Rice is an incredibly important crop. It's 20 percent of the calories in the world. In some countries and some environments, it makes up far more than that. As far as with the daily caloric intake, how we grow rice and how we support the world food system with that certainly matters. Learning to measure and understand how we can minimize the methane impact from that certainly seemed like something that had value. This group had the technology and the expertise to dig into that further. It was just a year or so into that, I think, when Dr. Beatriz was able to join the team as a postdoc and has been part of that ever since.

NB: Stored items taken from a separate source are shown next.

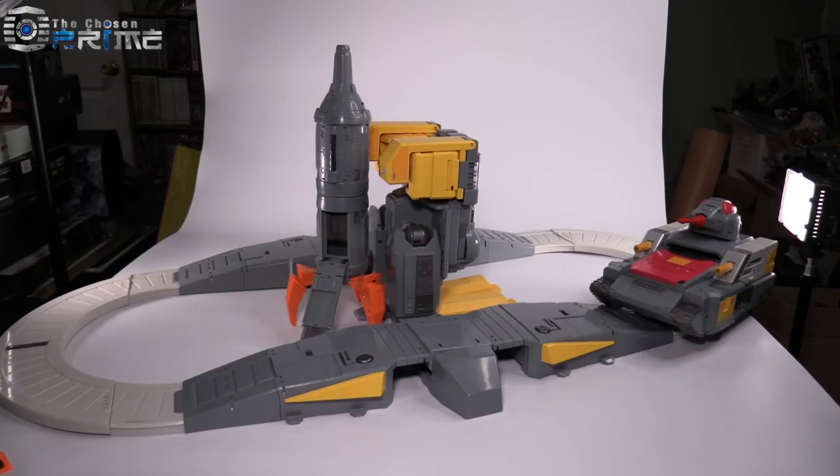Hello, ladies and gentlemen. Bolt Matrix here for The Chosen Prime, and today we are taking a look at DX9 Gabriel.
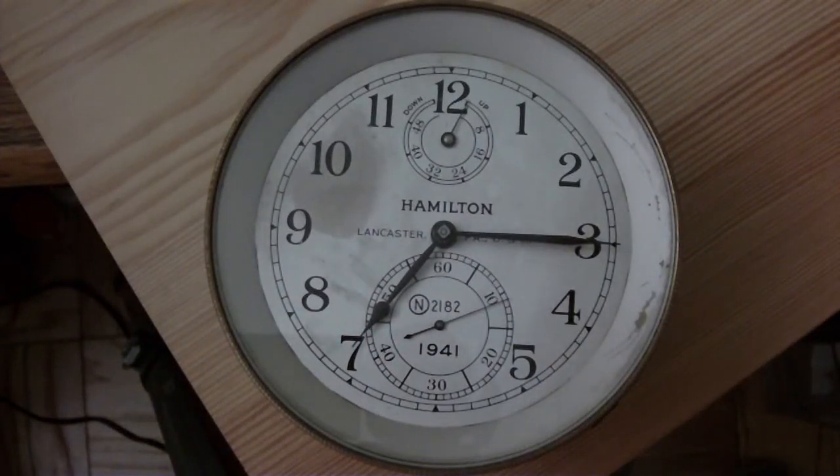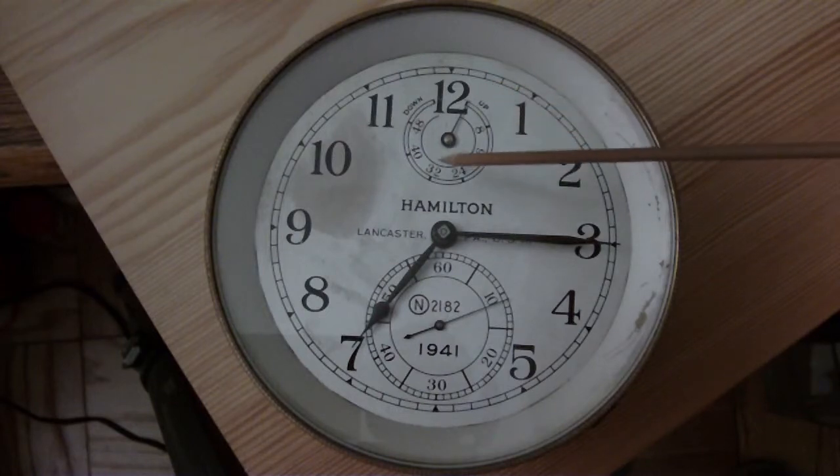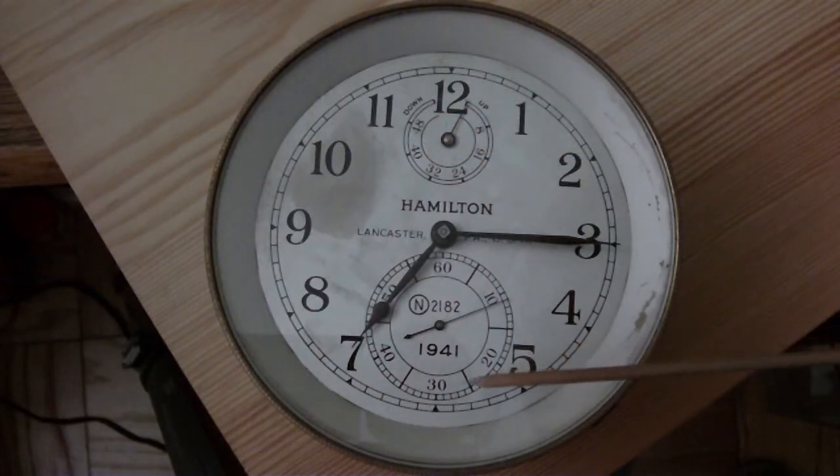This is the face of the Hamilton Marine Chronometer. You have the wind indicator here, seconds register here, hours and minutes.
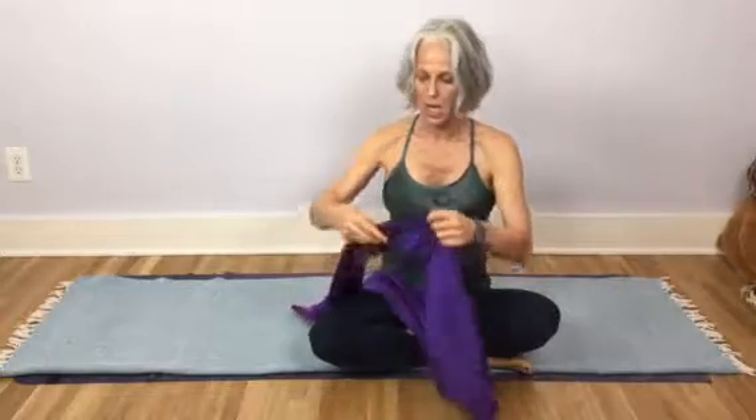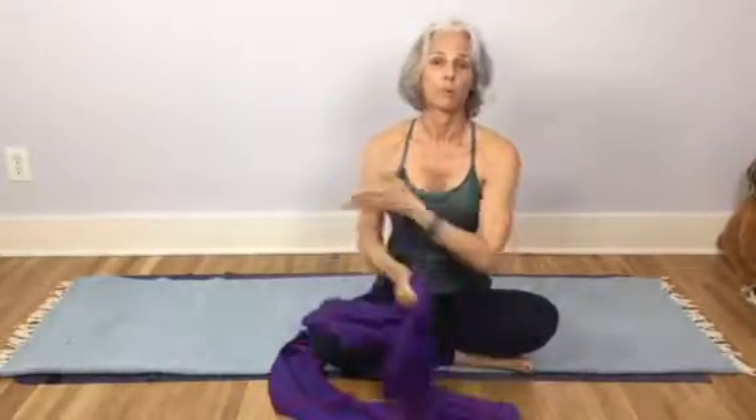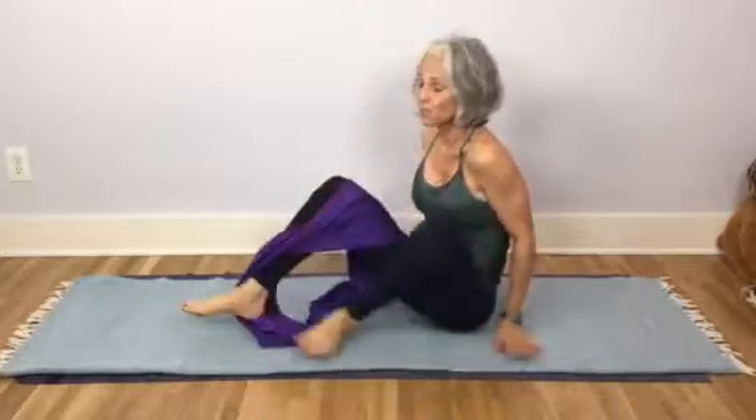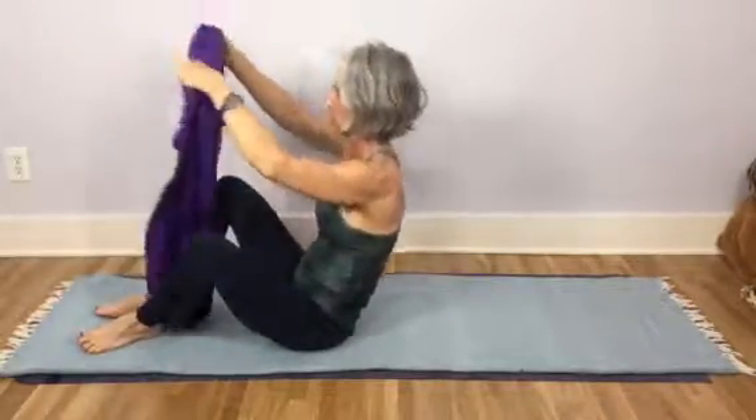Hey, so sneak peek. I'm calling this the booty wrap because it makes a little booty out of your foot. People love this because they love working with the strap to open up the hips, but then the strap can slip and people feel like they can overstretch. And it just feels really secure. And amazingly, even people who are uncoordinated have been able to do it.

We've really enjoyed the collaboration and the opportunity to host them on the farm. We've learned tons of things through that collaboration.
Maoya: Tell us a bit more about what you're actually doing in the field, what you're measuring, and what's the approach?

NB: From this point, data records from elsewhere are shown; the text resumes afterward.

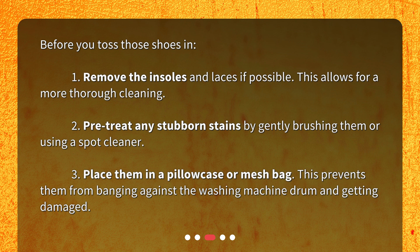2. Pre-treat any stubborn stains by gently brushing them or using a spot cleaner. 3. Place them in a pillowcase or mesh bag. This prevents them from banging against the washing machine drum and getting damaged.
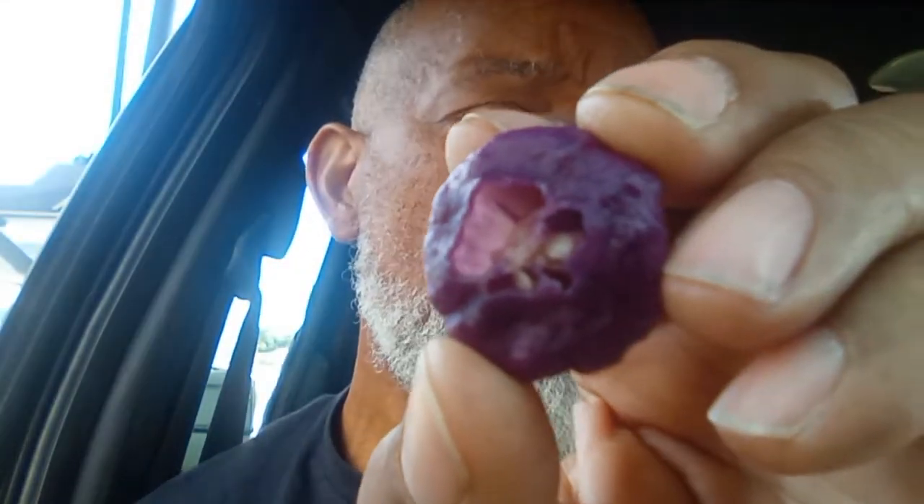All right, here goes this pepper tasting. She's a thin wall pepper. I guess I should have cut her open so you guys could get a look at her, but let's just tear her.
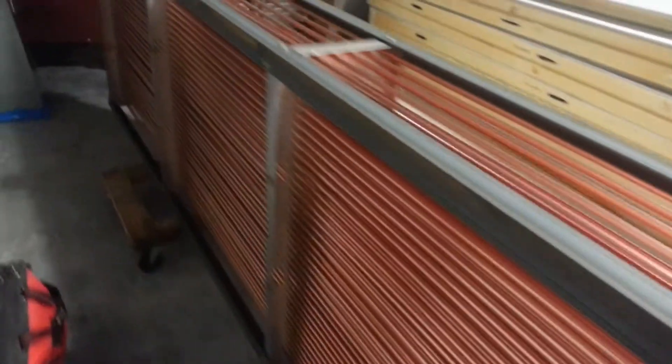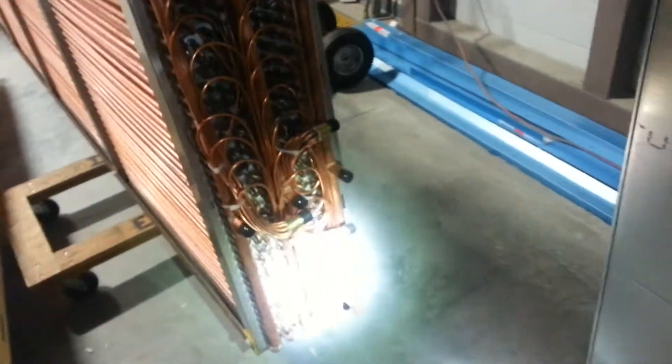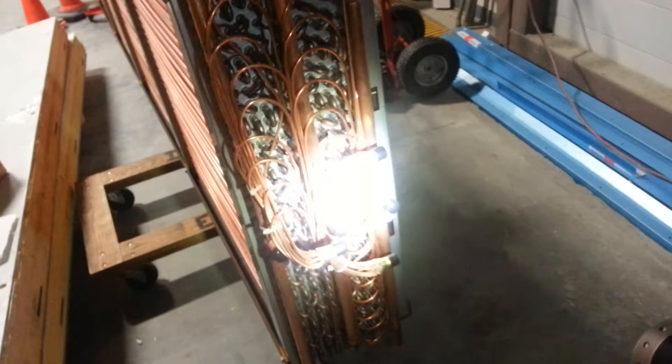Over here, this is your minus 70 evaporator. That's a lot of copper. That's going to be hanging in the roof of the minus 70, in the ceiling. This is where they make that connection — it's for your liquid and your low side manifold.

Beatriz: Thank you, I'm happy to be here and thank you for the invitation. I'm actually from Spain, and we grow also rice. So, that's why I came into the rice work, because I did my Ph.D. there, studying rice. It also has this cultural food component. You might have heard about the paella in Spain. So, it's really something that is really culturally important in the food culture of the country.
After that, when I finished, I was looking for an international experience to do a postdoc. I found that Arkansas was the first rice producer in the U.S. I also found how here in Arkansas, we have this issue with the aquifer. Aquifer levels are declining because of the water withdrawals. I found this problem about rice, water use, and how [by] implementing new water-saving practices we can decrease water use, but also methane, or greenhouse emissions. So, that's one of the things we will measure in the field. Because rice is continuously flooded, it creates [an] anaerobic (lack of oxygen) environment in the soil that creates methane.

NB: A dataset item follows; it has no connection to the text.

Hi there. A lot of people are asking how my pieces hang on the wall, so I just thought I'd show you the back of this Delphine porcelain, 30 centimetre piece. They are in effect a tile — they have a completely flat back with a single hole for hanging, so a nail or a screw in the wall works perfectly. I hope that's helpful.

When we do, for example, this technique that we call alternate wetting and drying, the farmer will allow the soil to dry down naturally, not draining the field, for a few days, keep maybe their field muddy, dry, and then flood again. You allow the soil to oxygenate, and then we reduce methane emissions. But at the same time, we are reducing water use. Those are the two main things we study in the field. We track water - we install flow meters in our rice fields. That way we can track the water use, and then we also measure greenhouse gas emissions. We have eddy covariance towers, but those are expensive. So, we cannot have eddy covariance towers in every field. So, we also measure with chambers manually and you need to go close the chamber for one hour, take samples, or less, depending on the method.
So, those are the main measurements we do in the field besides leaf area index, how tall is the plant, different measurements in the soil, water, canopy. We also use other tools or models like decision support tools that help us or estimate greenhouse gas emissions because we cannot have sensors in every field. So, we can model or simulate emissions in fields that we don't have sensors.
Note: Paella is a delicious rice-based meal traditionally cooked in a giant pan with a variety of meats, broth, and saffron for seasoning.
Maoya: Are these experiments in actual production fields? What is it like to, sort of, develop these best management practices?
Mark: The beauty of this project is that it is a field-level research experiment. It's two production fields, actually. The great benefit of that is getting to see what happens in a real-world environment. The downside of that, they're not working in a laboratory. They're working in a real-world environment where there are mosquitoes and snakes, humidity and rain, and all of that type of stuff that has real implications not only on the data, but also on people collecting the data and creates a number of challenges.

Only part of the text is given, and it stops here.